PROBLEM DETAILS
Skipping the images, transcribe each record below as it is.

INPUT RECORDS
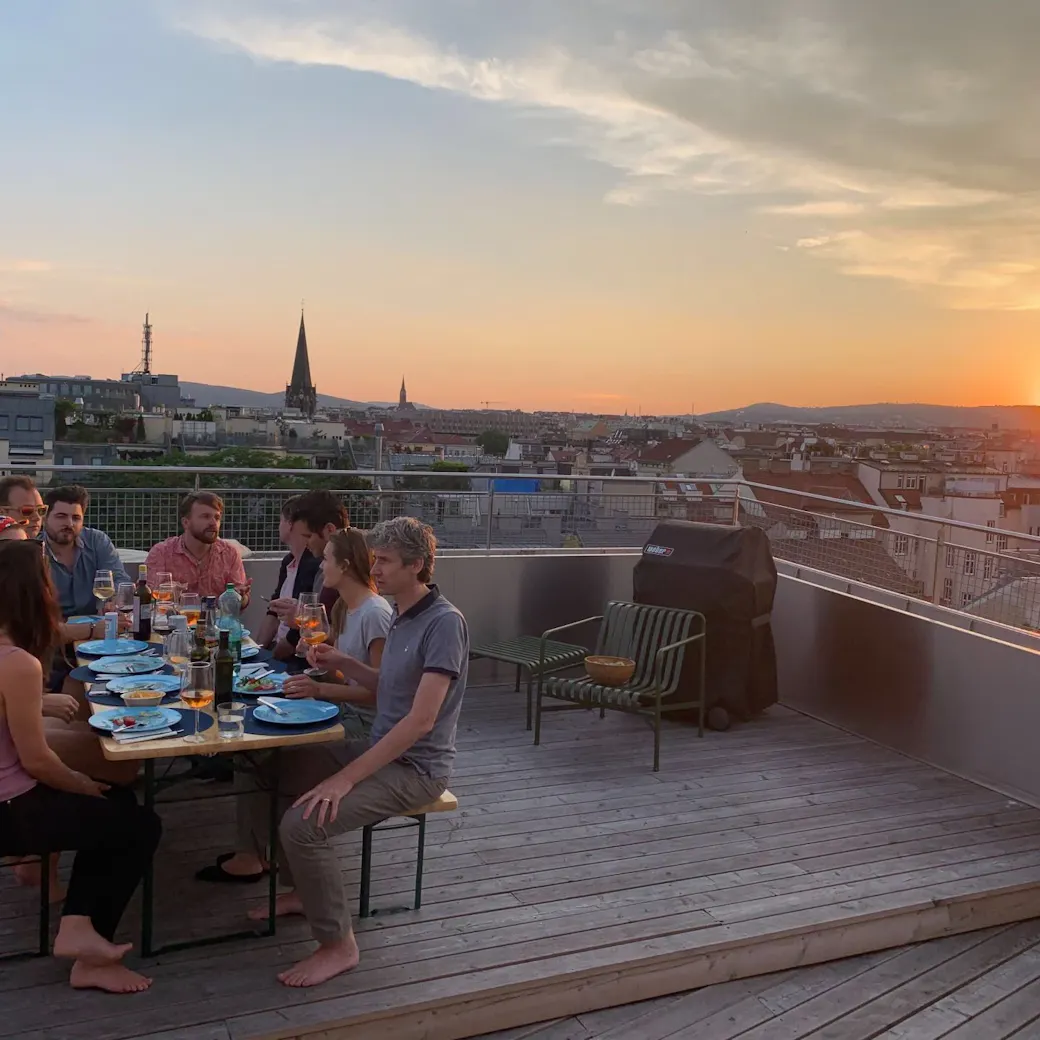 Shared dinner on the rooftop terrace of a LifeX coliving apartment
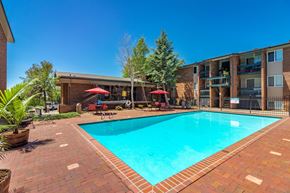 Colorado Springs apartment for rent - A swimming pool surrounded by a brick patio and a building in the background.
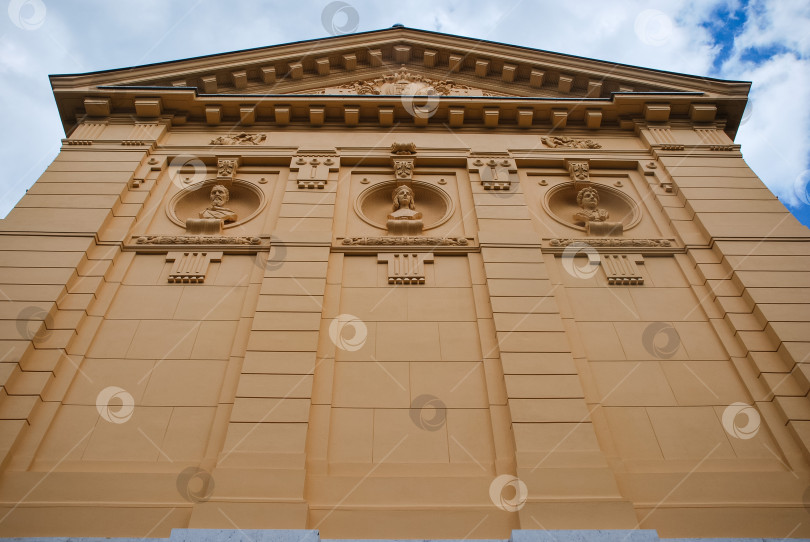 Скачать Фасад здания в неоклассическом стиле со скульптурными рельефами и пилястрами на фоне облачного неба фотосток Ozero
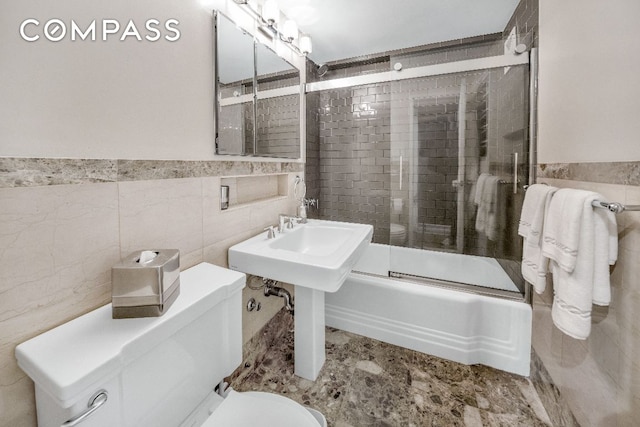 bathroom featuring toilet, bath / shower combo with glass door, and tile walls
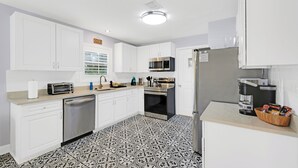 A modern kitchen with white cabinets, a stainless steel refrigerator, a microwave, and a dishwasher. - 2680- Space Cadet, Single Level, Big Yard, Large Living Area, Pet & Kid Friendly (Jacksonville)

EXERCISE ANSWER
 Shared dinner on the rooftop terrace of a LifeX coliving apartment
 Colorado Springs apartment for rent - A swimming pool surrounded by a brick patio and a building in the background.
 Скачать Фасад здания в неоклассическом стиле со скульптурными рельефами и пилястрами на фоне облачного неба фотосток Ozero
 bathroom featuring toilet, bath / shower combo with glass door, and tile walls
 A modern kitchen with white cabinets, a stainless steel refrigerator, a microwave, and a dishwasher. - 2680- Space Cadet, Single Level, Big Yard, Large Living Area, Pet & Kid Friendly (Jacksonville)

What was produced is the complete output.